Even the prosperous don’t have enough money, its in the nature of it.
Some people have much more of not enough of it than other people, they are called “the poor”.
12.5K for food is reasonable, blokes blogging here must be eating real shit.
I have three hungry teenagers who are eating adult sized meals, with only one “fast food” evening a week, shopping averages £150-180, the only excesses would be the occasional half-dozen wine bottles on special offer (because you get a discount) and perhaps the choccy bars for school lunch, the rest is mainly supermarket brand and we probably save at least £20/week on offers.
£240/week is either stupid shopping sense or definitely living it up.
They make 80,000 pounds a year and still they need welfare? I can suddenly see why Romney lost.
Luke – “Apart from the egregiously wealthy mr Newman ( well earned), it does make me wonder if readers of this blog are rational self interested peeps. If you’re all so poor, why not vote labour? (Says man currently earning not much)”
Rational self interest is an interesting concept. If African Americans were rational and self interested they would not vote for Democrats, and especially not Black Democrats. Look at Detroit. Angry Black Nationalists destroyed the city in a generation. In fact anywhere where there are enough Black voters tend to be smoking waste lands. The main sufferers of this are African Americans and those Whites too slow to sell and move out.
But that presupposes that your values are their values. Because self interest does revolve around values. Blacks, presumably, vote for the Democrats because they think the state will take money from White people and give it to them. Which it will. That is where, apparently, they see their self interest. Even though by my standards it has been a disaster for African Americans and their communities. In the same way, the poor do often see welfare as a non-solution to their problems. It depends on what their values are.
jonnybonk: “12.5K for food is reasonable, blokes blogging here must be eating real shit.”
Or perhaps, know how to cook real food, not microwave ready meals?
Working a 60 hour week would be nice. Can’t see it happening very often mind, but would be nice.
90 is more common. When one business shifts into high gear we reduce the hours on the other, when it slows down again (as it will by the end of January when we run out of stock of certain items) then we ramp up the hours on the other. And lots of fun.
Not if you are claiming poverty. It is slightly excessive even for the mid-affluent – £35 per day (excluding two of the kids’ lunches)? My two shopping trips this week were some £150 in total (3 adults + a teenager) – about 2/3rds of what she is claiming. And my spend included wine and some moderately expensive sundries.
£12k!? On groceries!?
SMFS @41
“Blacks, presumably, vote for the Democrats because they think the state will take money from White people and give it to them. Which it will. That is where, apparently, they see their self interest.”
You talking about the US. Why do Asians and Jews in the US vote Democrat, despite being richer than the average American, white or otherwise, and less likely to be on welfare?
(Destroys my own point of course, but you’re falling for the Republican bollocks about makers and takers. It’s the Republican states that depend on Federal handouts.)
I can’t see the relevance of SMFS#41’s racially charged rant to a discussion about the household budget of a Daily Mail journalist.
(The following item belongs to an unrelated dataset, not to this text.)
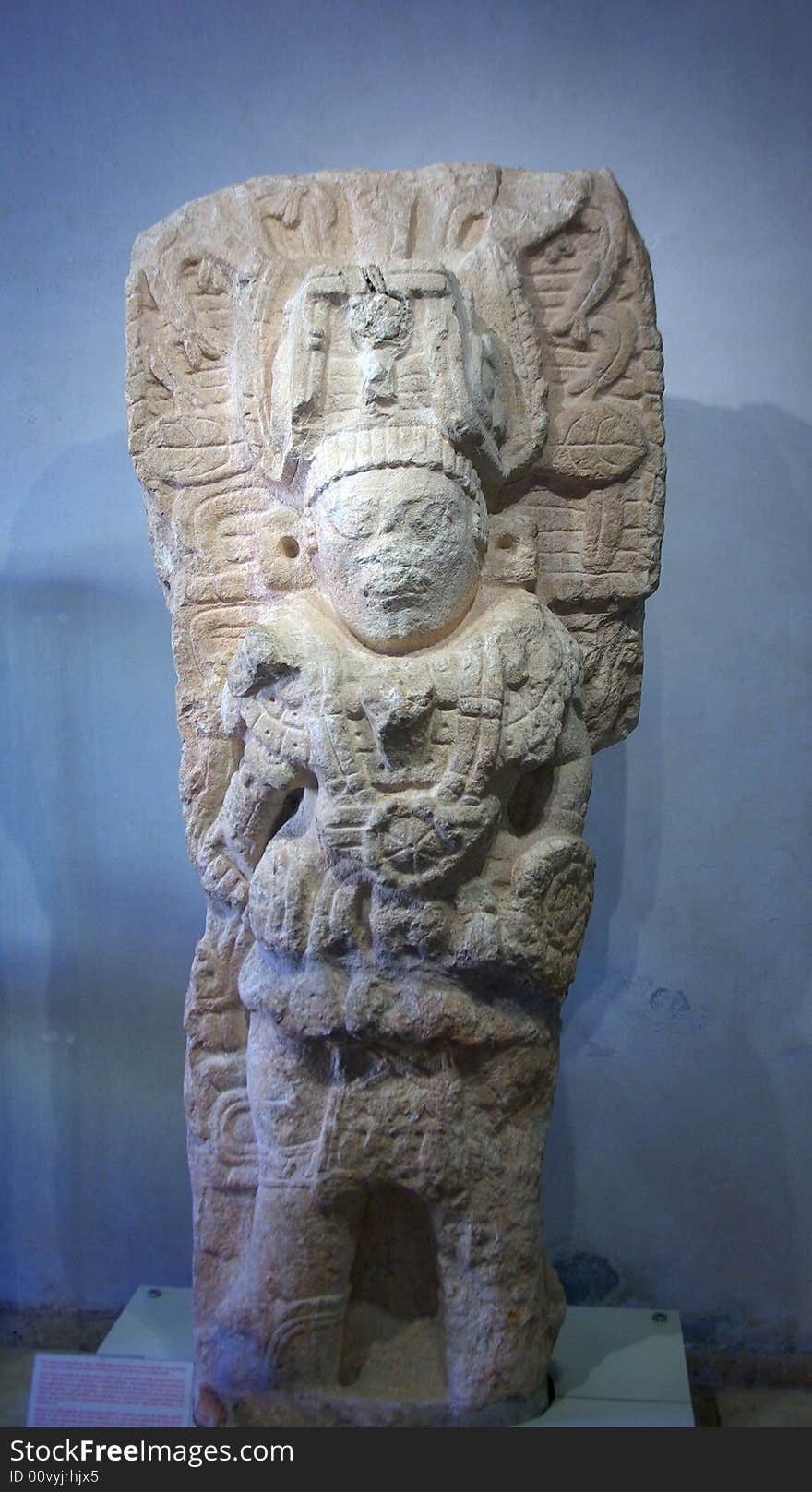 Mayan Sculpture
And I don’t feel I belong on a forum where I’m the only one who thinks it worthy of censure. So I shall withdraw for the time being.
If you want to contact me, I welcome polite emails.
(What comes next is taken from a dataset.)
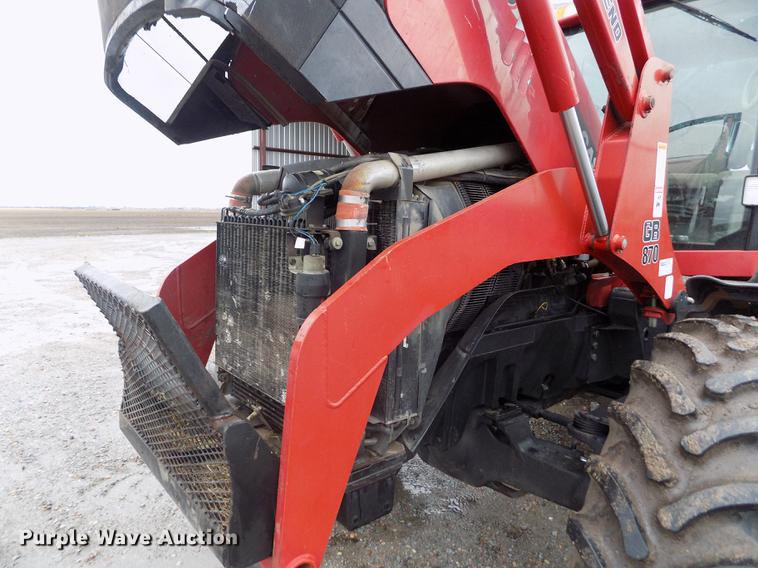 image for item FE9283 2001 Case IH MX200 Magnum MFWD tractor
Luke – “You talking about the US. Why do Asians and Jews in the US vote Democrat, despite being richer than the average American, white or otherwise, and less likely to be on welfare?”
For much the same reasons. Race has not gone away in American politics. Nor have values. Jewish Americans vote consistently against their own economic self interest but no one thinks this is odd. As one of the wealthiest communities in America they ought to vote Republican. They have in Obama someone who is not even particularly pro-Israel – while the Republicans are solidly pro-Zionist. The Zionist vote in the Jewish community is not trivial. But they don’t.
The explanation must be the same – past history cannot be overcome. Presumably when American Jews look at White Southerners in particular, they think of past in justice, of pogroms and Cossacks. Irrespective of what White Southerners actually think or do.
“(Destroys my own point of course, but you’re falling for the Republican bollocks about makers and takers. It’s the Republican states that depend on Federal handouts.)”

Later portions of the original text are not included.